### [PROBLEM TO SOLVE]
Copy out the entire listing word for word.

======

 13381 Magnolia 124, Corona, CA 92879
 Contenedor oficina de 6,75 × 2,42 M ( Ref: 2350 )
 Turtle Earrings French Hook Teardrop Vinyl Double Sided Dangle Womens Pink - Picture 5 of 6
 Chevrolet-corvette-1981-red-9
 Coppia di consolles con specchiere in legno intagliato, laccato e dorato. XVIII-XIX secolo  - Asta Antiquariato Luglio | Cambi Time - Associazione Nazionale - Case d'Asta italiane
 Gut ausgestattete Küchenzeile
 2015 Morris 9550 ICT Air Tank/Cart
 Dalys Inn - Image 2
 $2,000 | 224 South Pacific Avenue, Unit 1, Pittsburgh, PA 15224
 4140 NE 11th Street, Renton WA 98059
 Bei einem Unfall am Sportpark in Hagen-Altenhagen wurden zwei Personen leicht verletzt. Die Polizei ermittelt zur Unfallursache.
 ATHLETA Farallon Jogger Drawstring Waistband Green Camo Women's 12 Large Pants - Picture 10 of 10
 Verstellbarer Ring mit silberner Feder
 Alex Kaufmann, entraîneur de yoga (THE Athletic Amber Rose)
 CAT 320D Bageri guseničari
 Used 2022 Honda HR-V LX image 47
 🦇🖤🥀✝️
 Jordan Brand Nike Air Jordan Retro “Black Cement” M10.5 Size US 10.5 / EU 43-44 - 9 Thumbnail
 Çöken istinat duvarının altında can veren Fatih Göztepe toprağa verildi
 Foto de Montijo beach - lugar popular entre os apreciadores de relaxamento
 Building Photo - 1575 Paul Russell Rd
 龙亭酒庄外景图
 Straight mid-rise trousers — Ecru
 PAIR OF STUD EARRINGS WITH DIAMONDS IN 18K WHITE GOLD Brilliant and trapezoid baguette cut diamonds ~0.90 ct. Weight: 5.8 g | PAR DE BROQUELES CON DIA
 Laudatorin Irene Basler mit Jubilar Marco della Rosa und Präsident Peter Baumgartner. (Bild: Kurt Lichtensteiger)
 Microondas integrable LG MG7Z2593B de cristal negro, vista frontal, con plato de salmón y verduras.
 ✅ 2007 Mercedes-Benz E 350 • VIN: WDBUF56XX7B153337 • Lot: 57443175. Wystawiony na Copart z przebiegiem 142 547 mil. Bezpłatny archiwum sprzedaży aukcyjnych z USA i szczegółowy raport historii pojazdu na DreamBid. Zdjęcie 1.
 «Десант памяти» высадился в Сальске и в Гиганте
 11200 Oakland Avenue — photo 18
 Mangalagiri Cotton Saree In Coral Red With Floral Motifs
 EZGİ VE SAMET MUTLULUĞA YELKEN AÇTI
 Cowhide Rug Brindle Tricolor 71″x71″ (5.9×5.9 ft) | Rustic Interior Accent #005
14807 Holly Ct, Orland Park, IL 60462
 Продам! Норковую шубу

======

### [COMPLETED TASK]
 13381 Magnolia 124, Corona, CA 92879
 Contenedor oficina de 6,75 × 2,42 M ( Ref: 2350 )
 Turtle Earrings French Hook Teardrop Vinyl Double Sided Dangle Womens Pink - Picture 5 of 6
 Chevrolet-corvette-1981-red-9
 Coppia di consolles con specchiere in legno intagliato, laccato e dorato. XVIII-XIX secolo  - Asta Antiquariato Luglio | Cambi Time - Associazione Nazionale - Case d'Asta italiane
 Gut ausgestattete Küchenzeile
 2015 Morris 9550 ICT Air Tank/Cart
 Dalys Inn - Image 2
 $2,000 | 224 South Pacific Avenue, Unit 1, Pittsburgh, PA 15224
 4140 NE 11th Street, Renton WA 98059
 Bei einem Unfall am Sportpark in Hagen-Altenhagen wurden zwei Personen leicht verletzt. Die Polizei ermittelt zur Unfallursache.
 ATHLETA Farallon Jogger Drawstring Waistband Green Camo Women's 12 Large Pants - Picture 10 of 10
 Verstellbarer Ring mit silberner Feder
 Alex Kaufmann, entraîneur de yoga (THE Athletic Amber Rose)
 CAT 320D Bageri guseničari
 Used 2022 Honda HR-V LX image 47
 🦇🖤🥀✝️
 Jordan Brand Nike Air Jordan Retro “Black Cement” M10.5 Size US 10.5 / EU 43-44 - 9 Thumbnail
 Çöken istinat duvarının altında can veren Fatih Göztepe toprağa verildi
 Foto de Montijo beach - lugar popular entre os apreciadores de relaxamento
 Building Photo - 1575 Paul Russell Rd
 龙亭酒庄外景图
 Straight mid-rise trousers — Ecru
 PAIR OF STUD EARRINGS WITH DIAMONDS IN 18K WHITE GOLD Brilliant and trapezoid baguette cut diamonds ~0.90 ct. Weight: 5.8 g | PAR DE BROQUELES CON DIA
 Laudatorin Irene Basler mit Jubilar Marco della Rosa und Präsident Peter Baumgartner. (Bild: Kurt Lichtensteiger)
 Microondas integrable LG MG7Z2593B de cristal negro, vista frontal, con plato de salmón y verduras.
 ✅ 2007 Mercedes-Benz E 350 • VIN: WDBUF56XX7B153337 • Lot: 57443175. Wystawiony na Copart z przebiegiem 142 547 mil. Bezpłatny archiwum sprzedaży aukcyjnych z USA i szczegółowy raport historii pojazdu na DreamBid. Zdjęcie 1.
 «Десант памяти» высадился в Сальске и в Гиганте
 11200 Oakland Avenue — photo 18
 Mangalagiri Cotton Saree In Coral Red With Floral Motifs
 EZGİ VE SAMET MUTLULUĞA YELKEN AÇTI
 Cowhide Rug Brindle Tricolor 71″x71″ (5.9×5.9 ft) | Rustic Interior Accent #005
14807 Holly Ct, Orland Park, IL 60462
 Продам! Норковую шубу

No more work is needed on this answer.